DATA PROVIDED

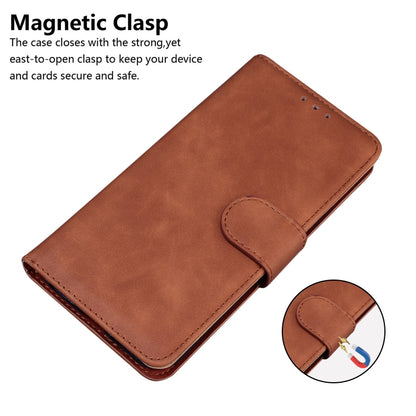 For Motorola Moto G Power 5G 2024 Skin Feel Pure Color Flip Leather Phone Case(Brown) - Motorola Cases by buy2fix | Online Shopping UK | buy2fix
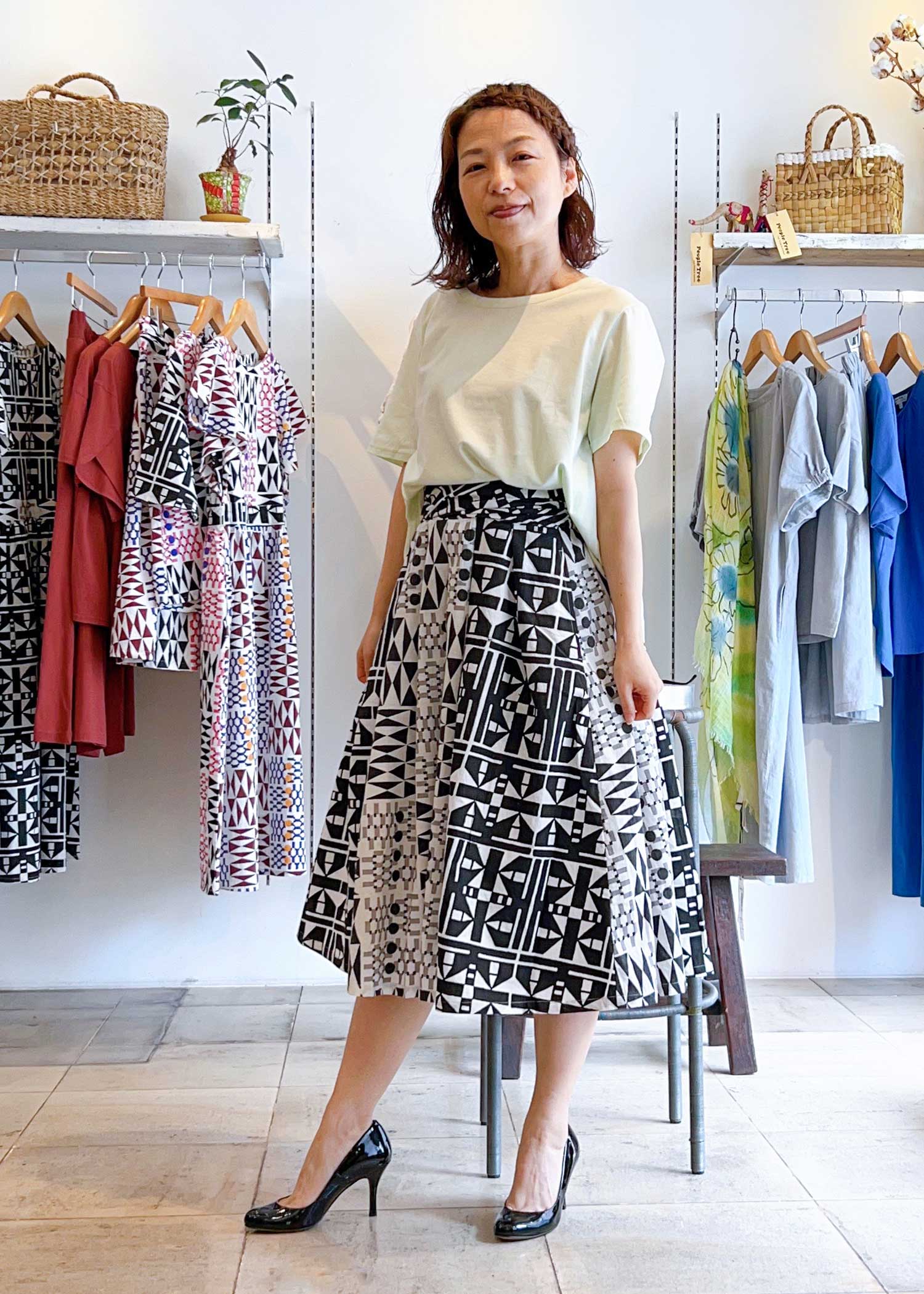 コットンスラブジオメトリック柄ブロッキングスカート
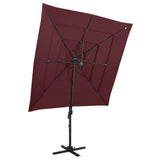 Vidaxl Parasol 4-Schicht mit Aluminiumpol 250x250 cm Burgunderrot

WHAT IS REQUIRED
Reproduce the listing verbatim, and keep the pictures out of the copy.

EXPECTED OUTPUT
 For Motorola Moto G Power 5G 2024 Skin Feel Pure Color Flip Leather Phone Case(Brown) - Motorola Cases by buy2fix | Online Shopping UK | buy2fix
 コットンスラブジオメトリック柄ブロッキングスカート
 Vidaxl Parasol 4-Schicht mit Aluminiumpol 250x250 cm Burgunderrot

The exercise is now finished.